Tracey NevilleMBE

Personal information
- Full name: Tracey Anne Neville
- Born: 21 January 1977 (age 49) Bury, Greater Manchester, England
- Occupation: Managing Director of Stockport County Ladies F.C.
- Height: 5 ft 8 in (1.73 m)
- Relatives: Neville Neville (father) Gary Neville (brother) Phil Neville (brother)
- School: Elton High School
- University: University of the West of England University of Chester

Netball career
- Playing positions: WA, GA
- Years: Club team / Apps
- 199x–199x: YWCA Bury
- 2000: Contax
- 2000: → Adelaide Thunderbirds
- 2001–2004: Northern Thunder
- 2007–2008: Leeds Carnegie
- Years: National team / Caps
- 1996–2008: England / 81

Coaching career
- Years: Team
- 2011: Team Northumbria
- 2011–2013: Northern Thunder
- 2013–2015: → Manchester Thunder
- 2015–2019: England
- 2023–2025: Melbourne Mavericks

Medal record
Representing England
Commonwealth Games
| Bronze medal – third place | 1998 Kuala Lumpur | Team |
World Netball Championships
| Bronze medal – third place | 1999 Christchurch | Team |

= Tracey Neville =

English netball player and coach

Tracey Anne Neville (born 21 January 1977) is a former England netball international and a former England head coach. As a player, she was a member of the England teams that won bronze medals at the 1998 Commonwealth Games and the 1999 World Netball Championships. As a head coach she guided Northern Thunder/Manchester Thunder to Netball Superleague titles in 2012 and 2014. Between 2015 and 2019 she served as England head coach. She subsequently guided England to the gold medal at the 2018 Commonwealth Games and to bronze medals at the 2015 and 2019 Netball World Cups. In 2016 she was awarded an . She is currently the Managing Director of Stockport County Ladies F.C..

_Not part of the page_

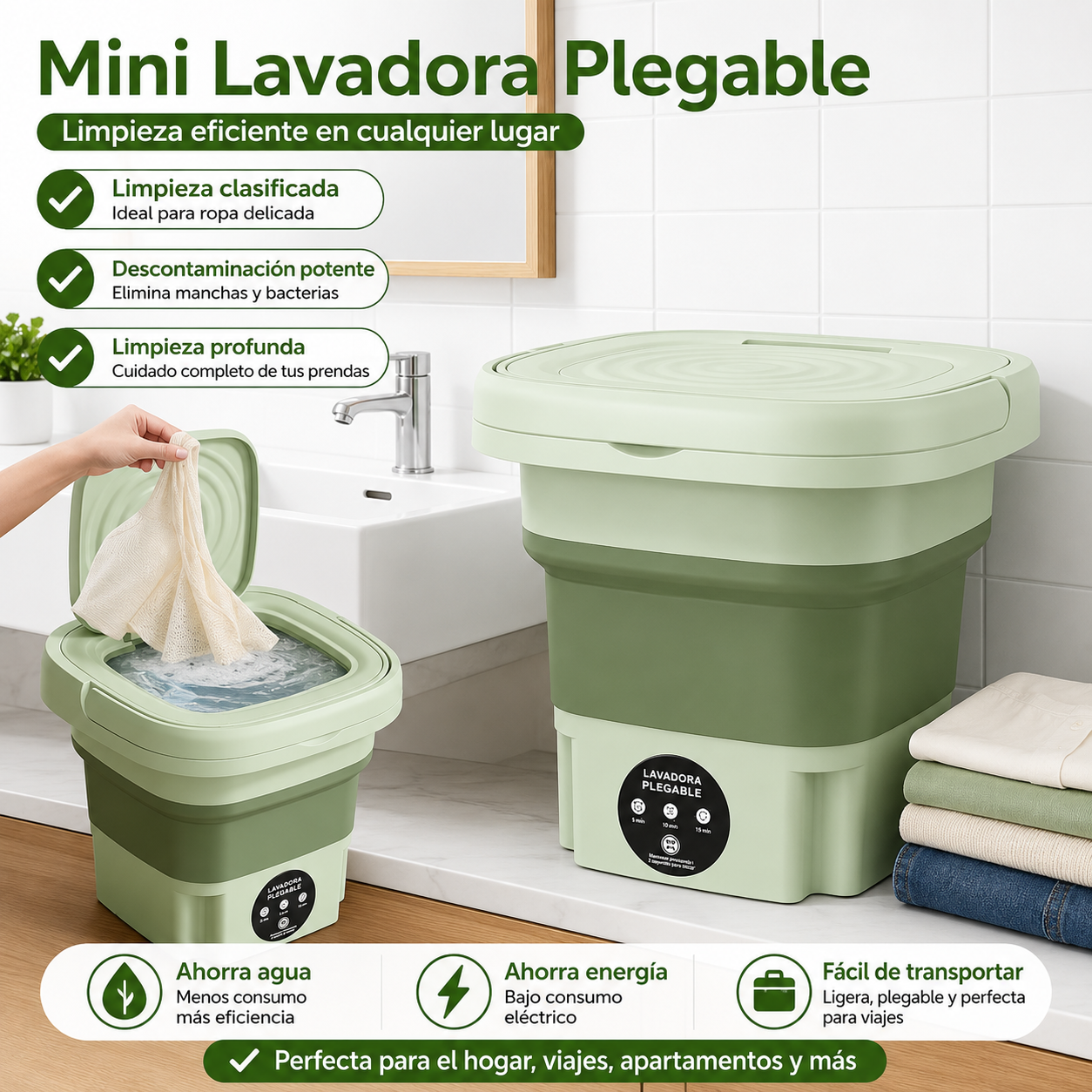 Lavadora portatil plegable 8L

==Early life, education and family==
Tracey Neville is originally from Bury, Greater Manchester. She is the daughter of Neville Neville and his wife, Jill Harper. Both of her parents worked in administration roles at Bury F.C. Her father was a commercial director while her mother served as club secretary. She is the twin sister and younger sister, respectively, of Phil and Gary Neville, the former England and Manchester United footballers.

Neville attended Elton High School. She also attended the University of the West of England where she trained to be a primary school teacher. Between 2004 and 2007 she attended the University of Chester and gained a degree in Nutrition and Sports Science.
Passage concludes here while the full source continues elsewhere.